The Scorpio Races is currently ON SALE ON AMAZON. Click picture.

I received an ARC copy of The Scorpio Races a couple weeks ago. I am ever so glad I got my hands on this book.

Some race to win. Others race to survive.

It happens at the start of every November: the Scorpio Races. Riders attempt to keep hold of their water horses long enough to make it to the finish line.

Some riders live.

Others die.

Sean Kendrick is the returning champion. He loves the sky and the island and his horse. Horses and racing are his job. Sean races to win.

Puck Connolly is different. She joins the races as a desperate move to keep her older brother on the island a little bit longer. Puck races to survive.

The premise grabbed me, and the story didn’t let go. This is a tale of courage and carnivorous water horses. The island of Thisby is a salty place like the sea. Here, and only here, do the bloodthirsty Capall Uisce come to shore. They’re the menace of the island, claiming lives both from sheep and loved ones, but if you capture one and train it you have a mount of liquid lightening. The November sea stirs a Capall Uisce’s blood more than any other month. In November they are the most dangerous, the fastest. So in November the Scorpio Races are held.

Sean and Puck live separate lives. Sean is quiet and serious. If he has any doubts he keeps them to himself. His one love and fear is Corr, his water horse – except Corr is owned by the island’s breeding tycoon and Sean’s employer.

Puck is a stubborn orphan managing with her two brothers, the older of whom is tired of the island. She joins the races in a wild attempt to keep him around long enough to change his mind. She is the first girl to join, and will use her regular island pony instead of the much more capable Capall Uisce, partly for principal – the Capall Uisce killed her parents, – and partly because money leaves her no other choice.

Do I need to explain how these two characters’ interaction is marvelous?

Sean and Puck meet each other with mutual admiration and wariness and forge and unlikely friendship. The stakes rise, and they both find the things they hold dearest depending on the race, but only one of them can win. Right up until the last few pages I was unsure of how Maggie Stiefvater could take her story to a satisfying conclusion, but she did.
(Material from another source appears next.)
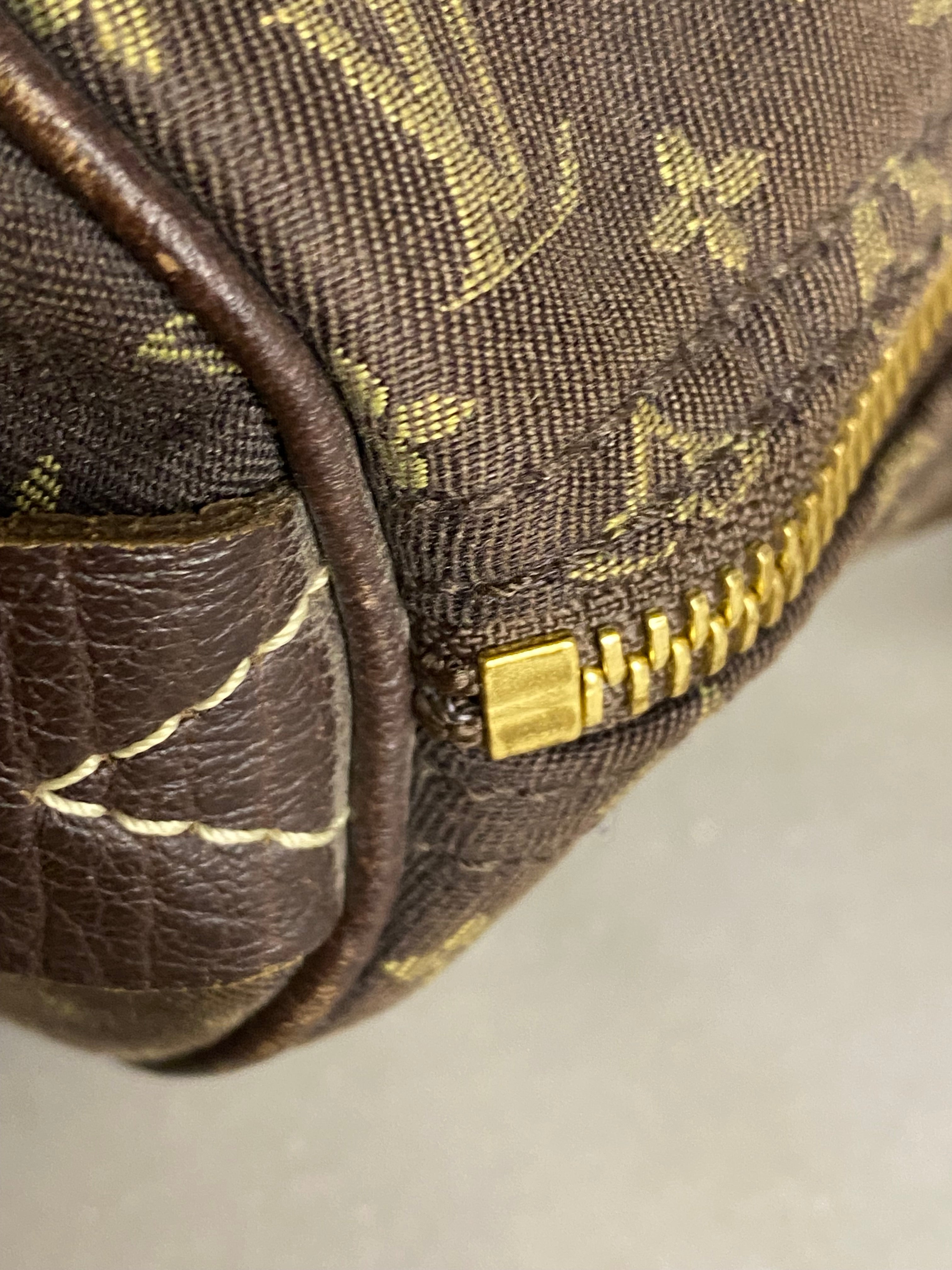 Louis Vuitton Monogram Idylle Speedy Bag-handbag-Louis Vuitton-The Closet Egypt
The Scorpio Races is the only book I’ve read that I could call “slow and gripping.” The pace is slow, with only a few tense actions scenes scattered about until the climax. Even they seemed slow. But the story and scenes are gripping, literally; I have a tendency to shift my weight around and grip the sides of the book when I am excited. Part of this are the skillful POV switches between Puch and Sean.

Maggie Stiefvater’s eye-opening description and phrases also pulled me into the pages. Her craft is flawless, and a beautiful model as well as an exciting read. The one thing that could have made The Scorpio Races more perfect would have been the use of past tense instead of present. I’m one of those people who finds present tense distracting. But in all, The Scorpio Races earned itself a place on my favorites shelf. I’m going to step out on a limb perhaps shakier than my twitter branch and say I see The Scorpio Races enduring time and becoming a classic.

Recommended for ages 15 and up for mild gore/violence and language. 5/5 Stars

It is the first day of November, and so, today, someone will die.